What the task asks ▸ Give back an exact copy of the entries beneath, minus the pictures.
-*-*-
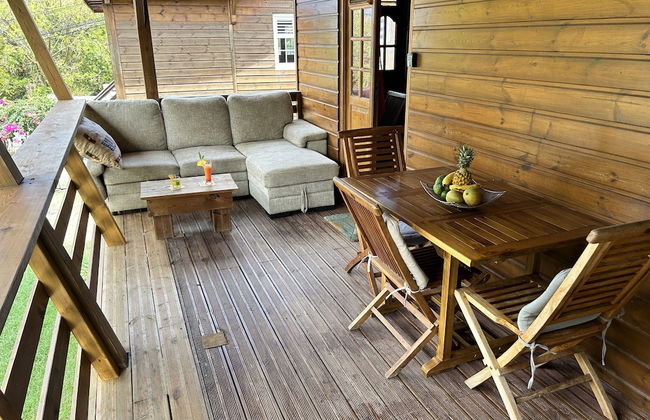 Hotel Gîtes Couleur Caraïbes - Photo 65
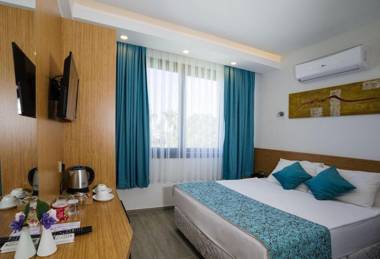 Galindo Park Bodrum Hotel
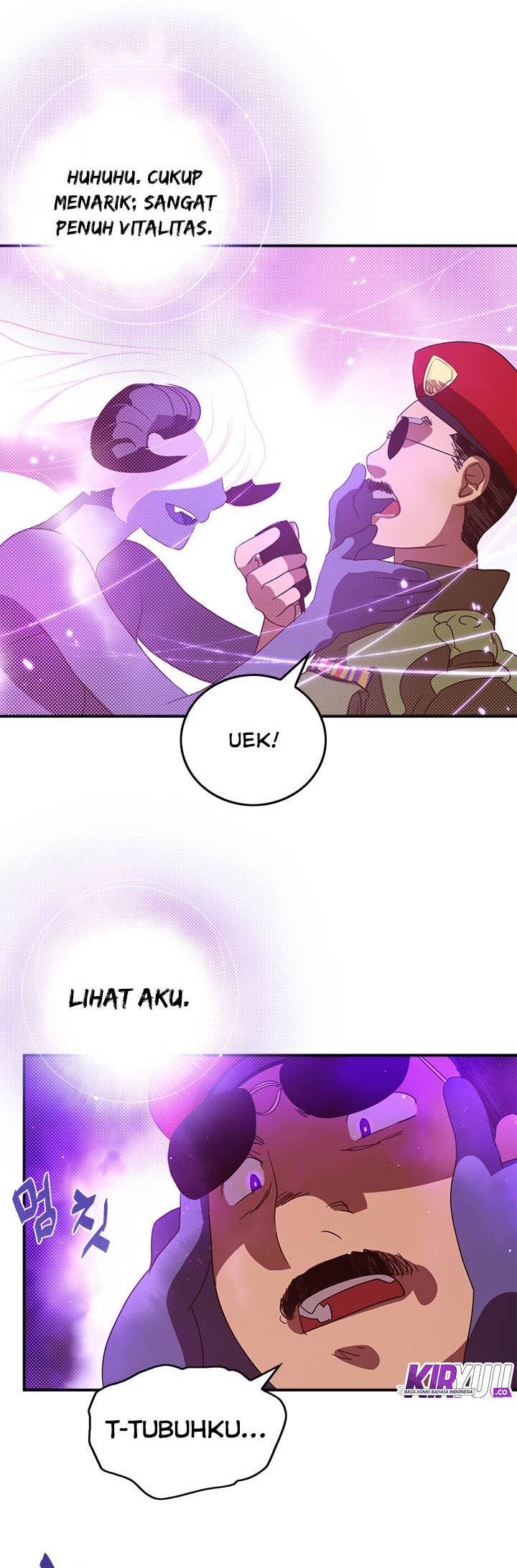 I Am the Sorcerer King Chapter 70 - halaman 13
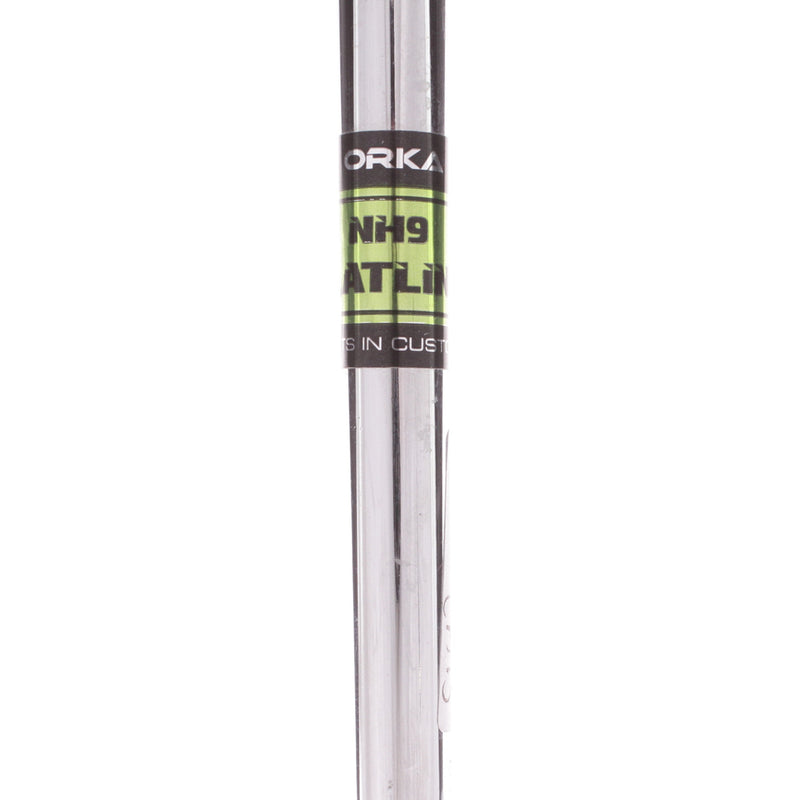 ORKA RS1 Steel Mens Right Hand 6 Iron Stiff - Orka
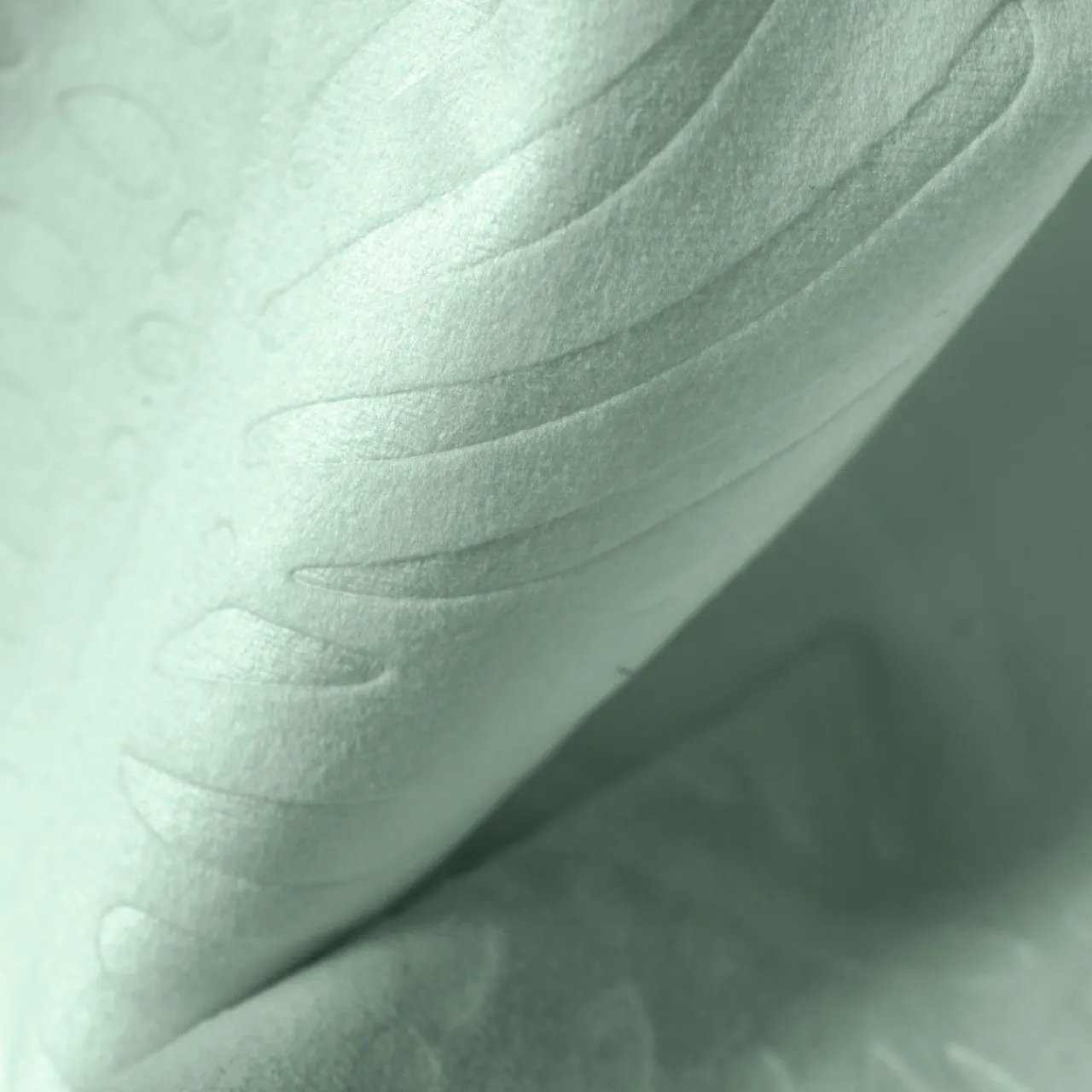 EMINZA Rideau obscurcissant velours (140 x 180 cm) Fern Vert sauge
-*-*-
Expected answer ▸
 Hotel Gîtes Couleur Caraïbes - Photo 65
 Galindo Park Bodrum Hotel
 I Am the Sorcerer King Chapter 70 - halaman 13
 ORKA RS1 Steel Mens Right Hand 6 Iron Stiff - Orka
 EMINZA Rideau obscurcissant velours (140 x 180 cm) Fern Vert sauge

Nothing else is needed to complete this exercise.